When the edges was gone I removed the tail stock, made a tenon to fit the chuck and then finished the out side shape. When rely nice. I think I'm getting the hang of this. I had gotten of blank with a bit of the center of the tree left and that is nothing you wan't there when it begins to dry. It's a high probability of cracking leaving that there. Last time I tried to remove one, it split the whole bowl. This time how ever, I remembered to do it before finishing the inside, this gives the side support and which makes it lees likely to split. That done I just used I regular bowl gauge to remove the main part of the inside.







When coming to the bottom the geometry of the bowl combined with the tool makes it difficult to cut the bottom clean. For this a gauge hook is used. It is used from the out side and in towards the center. Nice tool, will buy my one at the end of the course. The turnig went ok and the inside turned out ok for a beginner.

When finished with the inside the bowl is removed from the chuck and a face plate with a foam rubber is put in the chuck. The tali stock is then used with a hollow pot and presses the bowl against the foam. It's then just a matter of removing the tenon on the under side and make the bottom the way you like.

I made one more bowl from green wood. The same steps but different shape. When starting the inside I made the side thinner then I expected. When shining light through the bowl the light was not red as I expected but white. I continued to make the side thin just for practice and did't expect the bowl to live through it, but it did.
So for the finale I did a bowl out of dry wood. Same methods but trying to keep the bowl a bit thicker than  when using green wood. For some reason the last pass of the inside made it all bumpy and I couldn't fix it. The bowl started to wobble a  little so I guess I removed to much material from the side and tensions were released in in the wood making it deformed.
Her is the gauge hook with a home made jigg to sharpen it on the Tormek. Guess I need to make one of them in the future.

When I got home I put the two green bowls in the micro and dried them. The first had already started to crack when I left the course. The black at the bottom of the first one...I manage to burn it in the micro.

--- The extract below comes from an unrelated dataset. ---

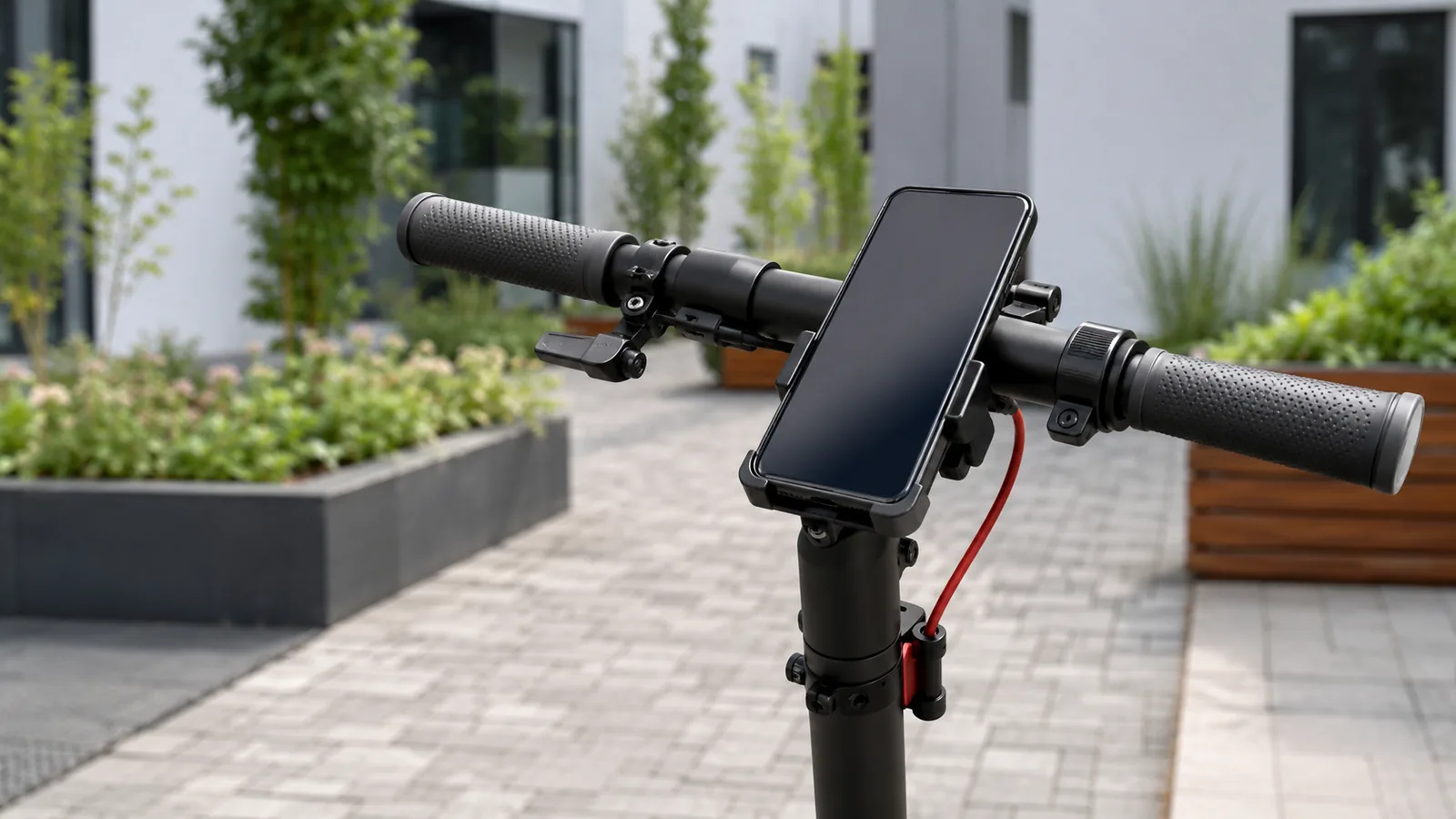 E-Scooter-Lenker mit montiertem Smartphone am Display, Firmware-Prüfung ohne lesbaren Text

According to Åke it took about 20 min to learn us the technics and the rest is just practise this of those during this course. I think it took more than 20 min but the tools are few and the technics are basically the same. Mastering them is of course a noter matter. Thats all for day 3. Tomorrow we will continue with what ever we feel like and I think I will do some more "Tipover-Tops". If you have't visits Åkes site take a look. I make a link that will translate it to English using google translate.







2010-11-21

Woodturning Day 2

To day we continued to work between centers. Åke started by talking about how to sharpen the tools at the course. He uses a combination of a Tormek to get the shape back to original and a some Japanese water stones to hone the edge. This is a simple and easy way which is needed during a course like this. He has a system of colors on the different tools to match jigs and settings on the Tormek. To make the world understandable as he says. It makes it easy for the participants to sharpen the tools without risking to changing the angle of the bevel every time.


He then went on to show how to make a tool handle for a turning tool. It goes something like this. Make the the blank round, then drill the hole in the tool handle using the lathe and a long drill. Then using a tenoning tool make a tenon on the handle. Remove the handle and fit a brass ring on the tenon. Handle back in the lathe and make the shape  you prefer on your handle. Then tenoning tool is some thing I need to make.

Spinning Tops
After that it was back and continued with what we had left from yesterday. After I rought turned a blank it was time for another demonstration. The spinning tops. First a simple standard and then the "Tippe-Toppen". I have no English translation so I call it "Tipover-Top" for now and if anyone knows what it's called leave a comment. I've been wanting to make one sense last course but didn't know how.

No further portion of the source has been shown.